### Exercise data
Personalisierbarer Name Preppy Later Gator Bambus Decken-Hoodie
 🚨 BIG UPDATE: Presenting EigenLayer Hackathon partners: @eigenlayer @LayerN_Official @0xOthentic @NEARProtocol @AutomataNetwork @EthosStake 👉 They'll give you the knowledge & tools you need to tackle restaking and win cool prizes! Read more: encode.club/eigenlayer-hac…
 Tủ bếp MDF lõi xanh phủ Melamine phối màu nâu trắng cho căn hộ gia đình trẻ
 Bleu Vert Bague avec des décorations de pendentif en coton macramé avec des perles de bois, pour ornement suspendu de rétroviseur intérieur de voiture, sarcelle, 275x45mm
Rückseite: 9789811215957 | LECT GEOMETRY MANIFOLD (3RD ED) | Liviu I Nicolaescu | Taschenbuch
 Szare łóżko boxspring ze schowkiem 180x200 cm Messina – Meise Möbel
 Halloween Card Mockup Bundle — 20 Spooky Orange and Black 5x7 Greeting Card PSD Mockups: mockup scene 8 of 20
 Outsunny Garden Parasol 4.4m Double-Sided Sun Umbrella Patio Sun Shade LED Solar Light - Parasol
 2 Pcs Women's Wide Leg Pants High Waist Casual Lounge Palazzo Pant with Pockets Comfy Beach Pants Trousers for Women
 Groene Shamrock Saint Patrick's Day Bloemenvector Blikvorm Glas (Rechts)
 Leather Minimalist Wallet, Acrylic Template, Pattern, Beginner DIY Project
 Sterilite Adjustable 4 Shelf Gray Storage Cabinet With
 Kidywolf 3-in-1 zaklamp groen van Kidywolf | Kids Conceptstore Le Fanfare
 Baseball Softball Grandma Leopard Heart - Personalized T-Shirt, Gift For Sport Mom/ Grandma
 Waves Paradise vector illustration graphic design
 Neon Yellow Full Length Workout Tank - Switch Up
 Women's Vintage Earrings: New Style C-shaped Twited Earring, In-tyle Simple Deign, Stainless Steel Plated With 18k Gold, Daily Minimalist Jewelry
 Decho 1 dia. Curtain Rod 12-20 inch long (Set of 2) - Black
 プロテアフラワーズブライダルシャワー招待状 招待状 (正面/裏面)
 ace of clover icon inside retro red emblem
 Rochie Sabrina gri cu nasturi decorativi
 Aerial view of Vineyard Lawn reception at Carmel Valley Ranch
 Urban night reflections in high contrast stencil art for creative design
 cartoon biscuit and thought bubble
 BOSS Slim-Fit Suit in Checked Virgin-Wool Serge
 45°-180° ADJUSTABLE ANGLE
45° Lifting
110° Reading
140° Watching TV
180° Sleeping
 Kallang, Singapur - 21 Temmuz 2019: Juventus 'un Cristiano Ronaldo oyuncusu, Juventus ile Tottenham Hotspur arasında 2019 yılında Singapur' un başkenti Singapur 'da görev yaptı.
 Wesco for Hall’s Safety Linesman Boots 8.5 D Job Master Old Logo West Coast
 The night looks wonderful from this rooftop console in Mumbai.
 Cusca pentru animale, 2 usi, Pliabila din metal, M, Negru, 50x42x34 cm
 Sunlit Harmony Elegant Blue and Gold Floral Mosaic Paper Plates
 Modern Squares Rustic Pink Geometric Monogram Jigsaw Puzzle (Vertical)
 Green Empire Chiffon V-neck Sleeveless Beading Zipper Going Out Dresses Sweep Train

### Task
Please copy the lines in the records above between the one holding "Kidywolf 3-in-1 zaklamp" and the one holding "Kallang, Singapur - 21", inclusive, exactly and with no other line.

### Response to the exercise
 Kidywolf 3-in-1 zaklamp groen van Kidywolf | Kids Conceptstore Le Fanfare
 Baseball Softball Grandma Leopard Heart - Personalized T-Shirt, Gift For Sport Mom/ Grandma
 Waves Paradise vector illustration graphic design
 Neon Yellow Full Length Workout Tank - Switch Up
 Women's Vintage Earrings: New Style C-shaped Twited Earring, In-tyle Simple Deign, Stainless Steel Plated With 18k Gold, Daily Minimalist Jewelry
 Decho 1 dia. Curtain Rod 12-20 inch long (Set of 2) - Black
 プロテアフラワーズブライダルシャワー招待状 招待状 (正面/裏面)
 ace of clover icon inside retro red emblem
 Rochie Sabrina gri cu nasturi decorativi
 Aerial view of Vineyard Lawn reception at Carmel Valley Ranch
 Urban night reflections in high contrast stencil art for creative design
 cartoon biscuit and thought bubble
 BOSS Slim-Fit Suit in Checked Virgin-Wool Serge
 45°-180° ADJUSTABLE ANGLE
45° Lifting
110° Reading
140° Watching TV
180° Sleeping
 Kallang, Singapur - 21 Temmuz 2019: Juventus 'un Cristiano Ronaldo oyuncusu, Juventus ile Tottenham Hotspur arasında 2019 yılında Singapur' un başkenti Singapur 'da görev yaptı.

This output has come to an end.